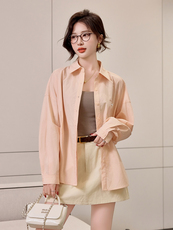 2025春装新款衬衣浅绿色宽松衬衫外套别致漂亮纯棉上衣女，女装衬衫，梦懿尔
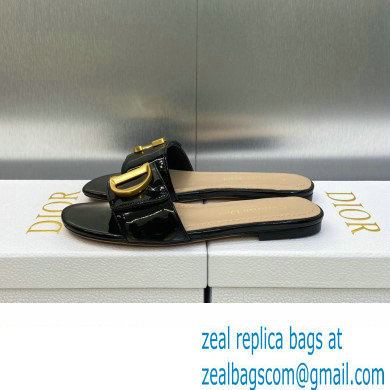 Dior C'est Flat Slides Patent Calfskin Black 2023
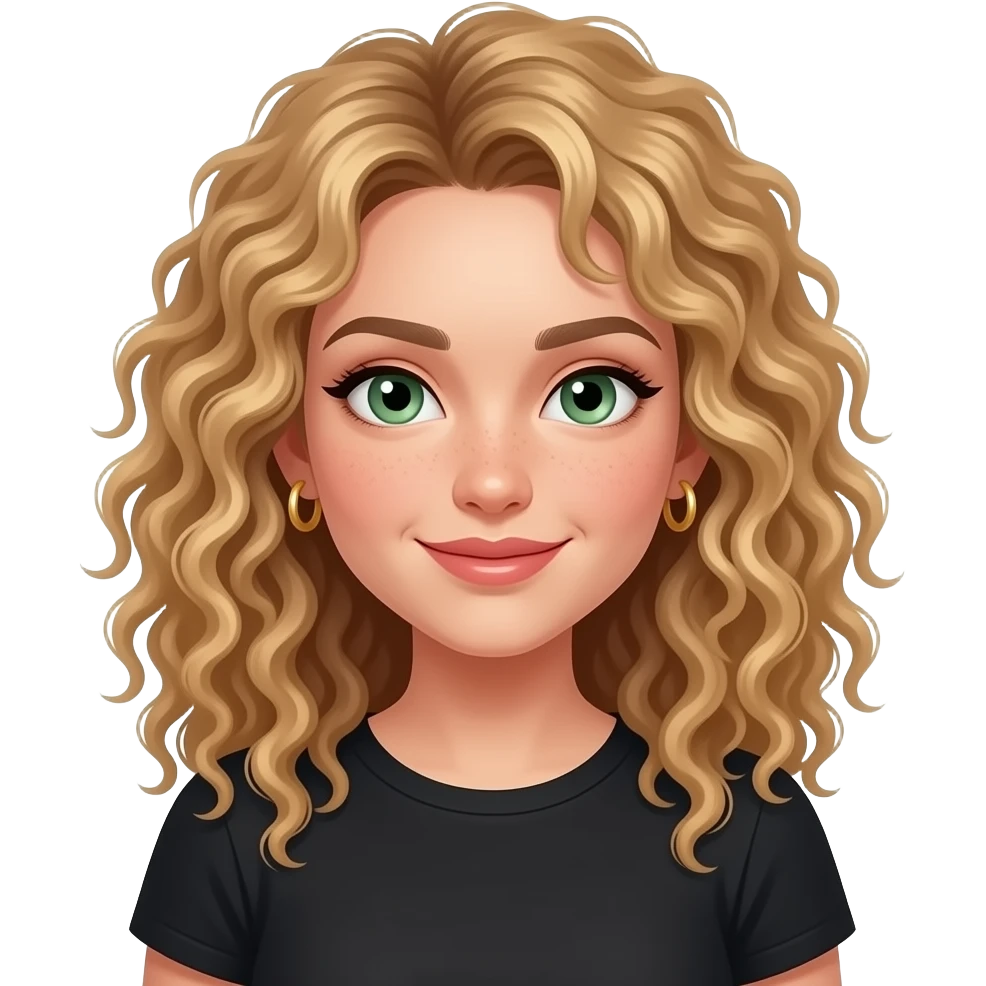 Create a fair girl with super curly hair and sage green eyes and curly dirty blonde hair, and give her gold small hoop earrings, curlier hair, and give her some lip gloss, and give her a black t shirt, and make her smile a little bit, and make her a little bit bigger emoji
--
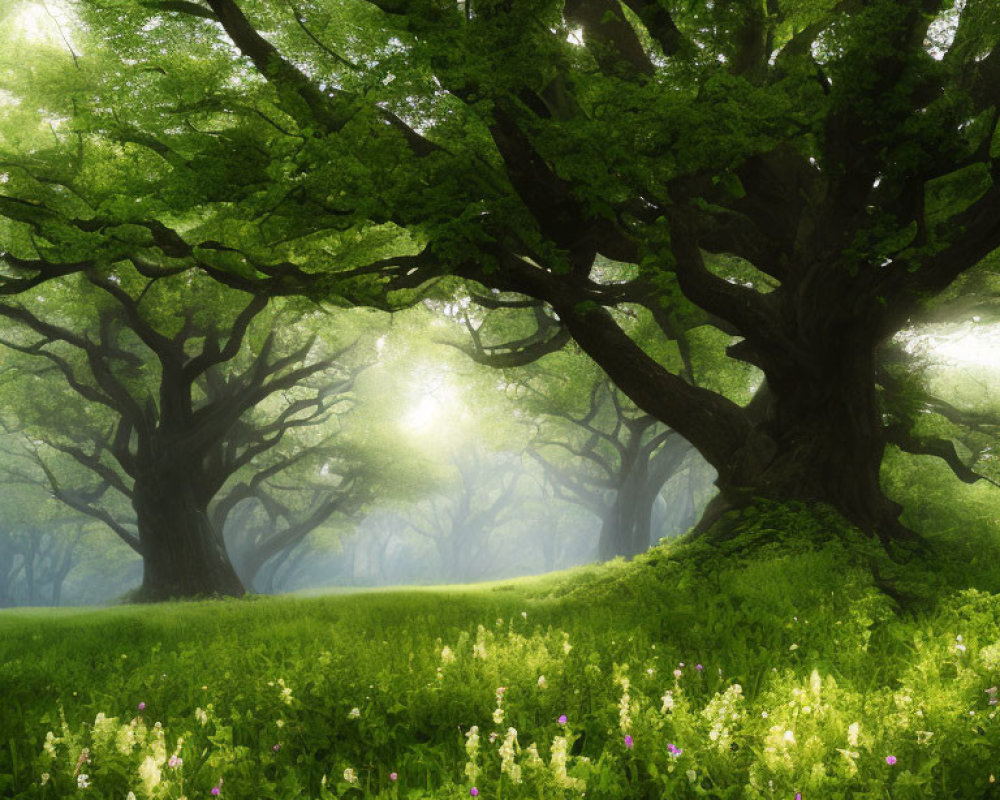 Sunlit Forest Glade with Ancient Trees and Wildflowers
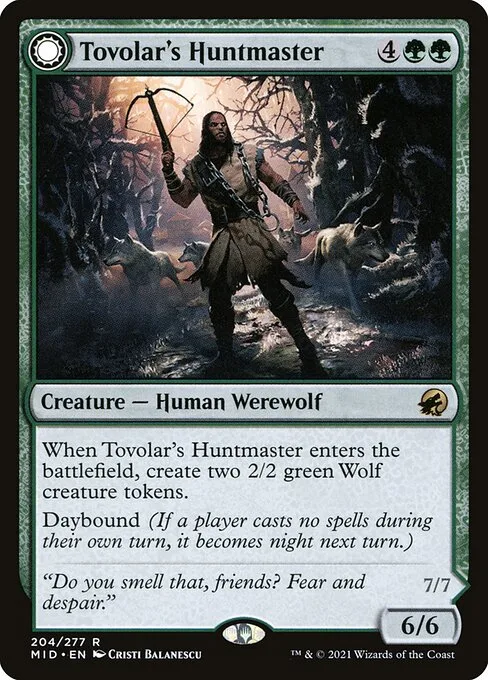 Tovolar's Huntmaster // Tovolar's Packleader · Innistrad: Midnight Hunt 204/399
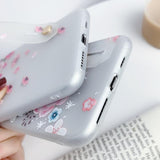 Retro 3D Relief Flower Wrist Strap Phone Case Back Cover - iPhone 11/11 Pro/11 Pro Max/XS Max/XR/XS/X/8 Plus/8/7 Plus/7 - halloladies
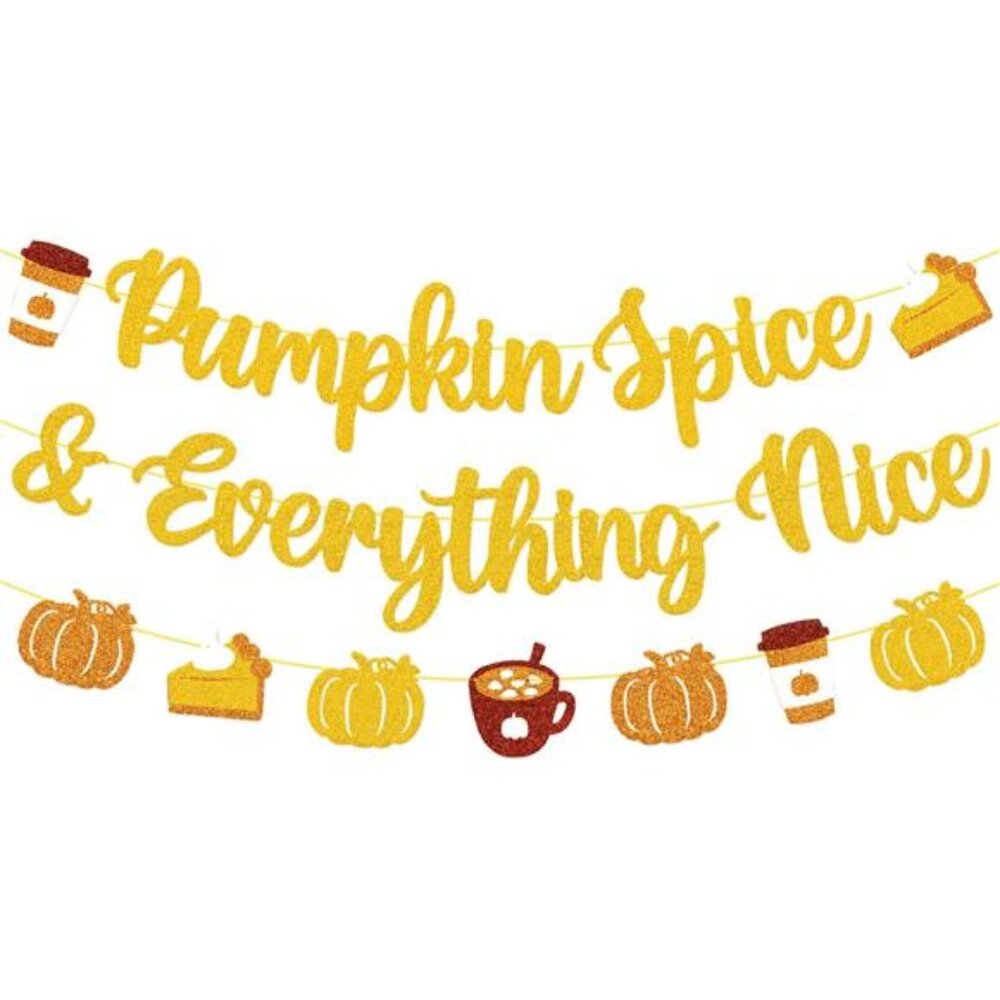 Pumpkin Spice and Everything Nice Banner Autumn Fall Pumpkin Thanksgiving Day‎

> **TASK DESCRIPTION**
Repeat the lines above exactly, beginning with the one containing "2025春装新款衬衣浅绿色宽松衬衫外套别致漂亮纯棉上衣女，女装衬衫，梦懿尔" and finishing with the one containing "Create a fair". No pictures belong in the copy.

> **TASK OUTPUT**
 2025春装新款衬衣浅绿色宽松衬衫外套别致漂亮纯棉上衣女，女装衬衫，梦懿尔
 Dior C'est Flat Slides Patent Calfskin Black 2023
 Create a fair girl with super curly hair and sage green eyes and curly dirty blonde hair, and give her gold small hoop earrings, curlier hair, and give her some lip gloss, and give her a black t shirt, and make her smile a little bit, and make her a little bit bigger emoji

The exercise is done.